This project consists of three subsystems which allow for the acceleration of algorithms on custom hardware as shown in the following image:

V4L2 Data Flow

Frame Sink: allows sending video frames from a user application to an FPGA device connected through PCI-e. From the architecture perspective, a design could only have a Frame Sink and a hardware accelerator for controlling a display or a series of devices, which interacts with the incoming video stream.

HW accelerator: this subsystem allows for the processing of frames by complex algorithms. Algorithms implemented in hardware are less power-intensive, faster and allow for massive parallelism. An example of an HW accelerator is a demosaicing accelerator, which involves three convolutions running simultaneously at 8 pixels per clock each.

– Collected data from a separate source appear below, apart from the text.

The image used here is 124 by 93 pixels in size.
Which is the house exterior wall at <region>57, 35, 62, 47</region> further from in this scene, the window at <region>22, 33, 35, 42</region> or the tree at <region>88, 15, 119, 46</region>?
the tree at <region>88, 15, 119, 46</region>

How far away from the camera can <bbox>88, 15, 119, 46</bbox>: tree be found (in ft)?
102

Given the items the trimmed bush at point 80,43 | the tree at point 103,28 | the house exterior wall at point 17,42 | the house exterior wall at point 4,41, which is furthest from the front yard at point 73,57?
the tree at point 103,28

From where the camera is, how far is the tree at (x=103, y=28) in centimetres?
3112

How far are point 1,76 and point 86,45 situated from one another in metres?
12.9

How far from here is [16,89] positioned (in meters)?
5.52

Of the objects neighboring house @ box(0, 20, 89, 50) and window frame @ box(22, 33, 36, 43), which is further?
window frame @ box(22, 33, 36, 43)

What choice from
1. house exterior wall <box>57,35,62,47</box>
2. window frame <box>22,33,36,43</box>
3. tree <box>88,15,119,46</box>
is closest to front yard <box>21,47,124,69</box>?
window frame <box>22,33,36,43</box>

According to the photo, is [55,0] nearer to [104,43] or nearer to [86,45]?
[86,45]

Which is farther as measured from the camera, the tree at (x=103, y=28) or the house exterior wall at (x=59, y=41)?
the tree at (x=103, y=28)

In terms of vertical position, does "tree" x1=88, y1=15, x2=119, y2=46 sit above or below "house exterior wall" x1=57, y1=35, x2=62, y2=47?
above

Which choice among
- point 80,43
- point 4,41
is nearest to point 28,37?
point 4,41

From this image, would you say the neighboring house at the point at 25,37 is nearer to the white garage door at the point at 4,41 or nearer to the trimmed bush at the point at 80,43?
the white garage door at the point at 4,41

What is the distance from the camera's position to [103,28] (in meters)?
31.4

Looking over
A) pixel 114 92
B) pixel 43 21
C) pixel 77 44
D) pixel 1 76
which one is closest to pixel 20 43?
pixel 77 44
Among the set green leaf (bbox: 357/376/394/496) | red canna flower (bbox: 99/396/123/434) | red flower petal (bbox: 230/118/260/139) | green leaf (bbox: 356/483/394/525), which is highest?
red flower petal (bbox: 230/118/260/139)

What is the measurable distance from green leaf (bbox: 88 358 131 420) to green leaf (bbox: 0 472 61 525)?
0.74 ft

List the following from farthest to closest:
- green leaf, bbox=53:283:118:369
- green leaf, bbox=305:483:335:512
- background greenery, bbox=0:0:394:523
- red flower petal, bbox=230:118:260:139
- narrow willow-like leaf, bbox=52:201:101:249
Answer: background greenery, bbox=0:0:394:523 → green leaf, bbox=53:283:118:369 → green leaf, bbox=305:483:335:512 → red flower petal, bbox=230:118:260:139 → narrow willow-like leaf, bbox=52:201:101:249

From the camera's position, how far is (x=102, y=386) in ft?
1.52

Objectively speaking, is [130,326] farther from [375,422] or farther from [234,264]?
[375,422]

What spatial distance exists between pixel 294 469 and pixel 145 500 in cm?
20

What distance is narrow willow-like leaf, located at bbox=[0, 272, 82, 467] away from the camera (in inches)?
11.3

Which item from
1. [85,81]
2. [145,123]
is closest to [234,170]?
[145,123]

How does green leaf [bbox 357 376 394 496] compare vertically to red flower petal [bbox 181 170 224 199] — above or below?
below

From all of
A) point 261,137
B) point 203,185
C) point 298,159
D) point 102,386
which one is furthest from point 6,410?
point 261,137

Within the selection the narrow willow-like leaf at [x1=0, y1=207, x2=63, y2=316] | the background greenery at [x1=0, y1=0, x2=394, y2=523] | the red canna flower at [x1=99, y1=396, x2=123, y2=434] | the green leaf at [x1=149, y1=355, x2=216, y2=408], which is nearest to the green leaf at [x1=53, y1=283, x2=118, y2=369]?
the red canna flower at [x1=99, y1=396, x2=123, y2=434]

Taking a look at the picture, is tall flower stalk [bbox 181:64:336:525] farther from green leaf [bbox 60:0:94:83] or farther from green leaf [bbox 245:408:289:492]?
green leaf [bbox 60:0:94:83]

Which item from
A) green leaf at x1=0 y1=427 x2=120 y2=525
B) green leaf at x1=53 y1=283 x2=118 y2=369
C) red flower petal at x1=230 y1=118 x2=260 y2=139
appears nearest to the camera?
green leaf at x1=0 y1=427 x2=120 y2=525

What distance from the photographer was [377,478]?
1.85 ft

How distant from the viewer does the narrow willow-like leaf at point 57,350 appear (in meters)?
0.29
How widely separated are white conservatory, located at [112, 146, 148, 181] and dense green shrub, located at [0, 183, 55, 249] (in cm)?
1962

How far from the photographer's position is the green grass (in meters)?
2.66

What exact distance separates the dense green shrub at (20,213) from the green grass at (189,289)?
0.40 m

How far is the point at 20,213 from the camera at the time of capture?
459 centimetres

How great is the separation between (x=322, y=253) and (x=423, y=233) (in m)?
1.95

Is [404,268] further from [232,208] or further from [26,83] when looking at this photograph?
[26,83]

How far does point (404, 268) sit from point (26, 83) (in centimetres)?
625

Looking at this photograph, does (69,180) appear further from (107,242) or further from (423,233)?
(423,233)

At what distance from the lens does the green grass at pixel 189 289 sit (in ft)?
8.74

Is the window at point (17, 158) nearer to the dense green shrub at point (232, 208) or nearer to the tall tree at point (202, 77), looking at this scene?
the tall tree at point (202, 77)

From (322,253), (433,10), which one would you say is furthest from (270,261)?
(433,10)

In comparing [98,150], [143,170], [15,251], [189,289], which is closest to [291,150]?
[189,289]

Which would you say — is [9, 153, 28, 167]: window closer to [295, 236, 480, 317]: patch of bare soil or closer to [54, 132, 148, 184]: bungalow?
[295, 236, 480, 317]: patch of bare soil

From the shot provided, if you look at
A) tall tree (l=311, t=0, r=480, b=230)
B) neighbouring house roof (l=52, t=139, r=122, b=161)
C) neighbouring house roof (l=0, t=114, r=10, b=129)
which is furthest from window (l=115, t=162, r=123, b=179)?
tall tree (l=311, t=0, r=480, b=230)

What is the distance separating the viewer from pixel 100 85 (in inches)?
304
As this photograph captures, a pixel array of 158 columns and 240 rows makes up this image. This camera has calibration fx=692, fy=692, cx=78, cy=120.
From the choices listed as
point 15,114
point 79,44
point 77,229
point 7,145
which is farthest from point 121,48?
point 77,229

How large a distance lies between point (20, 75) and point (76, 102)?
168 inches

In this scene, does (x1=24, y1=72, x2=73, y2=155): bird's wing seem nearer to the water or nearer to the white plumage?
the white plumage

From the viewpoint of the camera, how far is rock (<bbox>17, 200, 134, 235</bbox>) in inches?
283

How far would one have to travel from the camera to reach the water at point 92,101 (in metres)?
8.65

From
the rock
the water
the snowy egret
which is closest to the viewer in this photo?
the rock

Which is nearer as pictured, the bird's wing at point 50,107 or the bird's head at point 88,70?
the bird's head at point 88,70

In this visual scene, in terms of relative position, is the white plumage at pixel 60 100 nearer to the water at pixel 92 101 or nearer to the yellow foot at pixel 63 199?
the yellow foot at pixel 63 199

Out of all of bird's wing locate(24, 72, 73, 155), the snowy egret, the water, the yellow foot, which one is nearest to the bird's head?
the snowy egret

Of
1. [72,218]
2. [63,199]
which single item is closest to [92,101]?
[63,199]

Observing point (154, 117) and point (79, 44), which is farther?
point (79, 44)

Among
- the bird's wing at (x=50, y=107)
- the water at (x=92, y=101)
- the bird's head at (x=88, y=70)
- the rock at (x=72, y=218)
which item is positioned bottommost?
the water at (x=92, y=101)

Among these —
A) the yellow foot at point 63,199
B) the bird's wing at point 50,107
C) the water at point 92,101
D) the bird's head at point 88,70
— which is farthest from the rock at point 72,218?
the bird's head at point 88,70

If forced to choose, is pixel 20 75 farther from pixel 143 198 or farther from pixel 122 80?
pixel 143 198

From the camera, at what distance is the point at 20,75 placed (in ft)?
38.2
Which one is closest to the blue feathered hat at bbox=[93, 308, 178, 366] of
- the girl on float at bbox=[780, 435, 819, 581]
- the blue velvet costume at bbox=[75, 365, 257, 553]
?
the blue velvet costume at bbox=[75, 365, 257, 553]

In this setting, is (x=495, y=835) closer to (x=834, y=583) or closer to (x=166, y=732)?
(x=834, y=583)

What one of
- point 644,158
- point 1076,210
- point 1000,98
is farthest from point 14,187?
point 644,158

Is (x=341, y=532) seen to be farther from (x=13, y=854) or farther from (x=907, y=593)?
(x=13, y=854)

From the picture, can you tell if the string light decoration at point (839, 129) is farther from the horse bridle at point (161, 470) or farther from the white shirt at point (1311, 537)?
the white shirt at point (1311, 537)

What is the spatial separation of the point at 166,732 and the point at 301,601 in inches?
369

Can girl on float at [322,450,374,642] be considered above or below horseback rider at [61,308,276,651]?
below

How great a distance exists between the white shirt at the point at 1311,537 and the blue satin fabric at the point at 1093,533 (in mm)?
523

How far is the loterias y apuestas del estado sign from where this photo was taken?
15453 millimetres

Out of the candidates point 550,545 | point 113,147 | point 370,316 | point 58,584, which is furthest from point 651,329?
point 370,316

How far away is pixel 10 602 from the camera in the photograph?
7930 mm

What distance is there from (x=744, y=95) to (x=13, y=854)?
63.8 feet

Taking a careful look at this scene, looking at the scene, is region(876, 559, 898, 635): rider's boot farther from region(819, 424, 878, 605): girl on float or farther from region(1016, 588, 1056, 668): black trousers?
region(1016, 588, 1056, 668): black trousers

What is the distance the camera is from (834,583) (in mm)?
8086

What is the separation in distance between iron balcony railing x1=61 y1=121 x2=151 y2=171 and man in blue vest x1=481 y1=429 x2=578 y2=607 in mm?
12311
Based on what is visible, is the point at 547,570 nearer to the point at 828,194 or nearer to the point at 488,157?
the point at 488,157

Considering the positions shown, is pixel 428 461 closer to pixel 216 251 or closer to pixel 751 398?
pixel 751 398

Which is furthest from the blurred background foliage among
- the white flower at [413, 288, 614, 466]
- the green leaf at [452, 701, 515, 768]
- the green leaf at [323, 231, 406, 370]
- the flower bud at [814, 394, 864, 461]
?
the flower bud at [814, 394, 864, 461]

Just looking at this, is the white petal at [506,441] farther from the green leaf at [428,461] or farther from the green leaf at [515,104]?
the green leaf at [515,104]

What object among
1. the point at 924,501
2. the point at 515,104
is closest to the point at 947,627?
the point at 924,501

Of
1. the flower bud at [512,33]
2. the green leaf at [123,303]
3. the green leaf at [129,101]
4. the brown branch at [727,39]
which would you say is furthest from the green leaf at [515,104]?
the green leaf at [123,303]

Frame Grabber: allows capturing frames from a PCI-e connected FPGA device. A possible design can only have this subsystem, making possible to connect a camera to the FPGA directly and perform the deserializing, decoding and demosaicing without adding any overhead to the system processor, which will receive the frames ready for their consumption.

FPGA

A Field Programmable Gate Array (FPGA) is an integrated circuit which can be configured after manufacturing. The FPGA allows implementing heavy computational algorithms described as hardware and offering massive parallelism, which leads to multi-pipeline architectures and vectorial computing.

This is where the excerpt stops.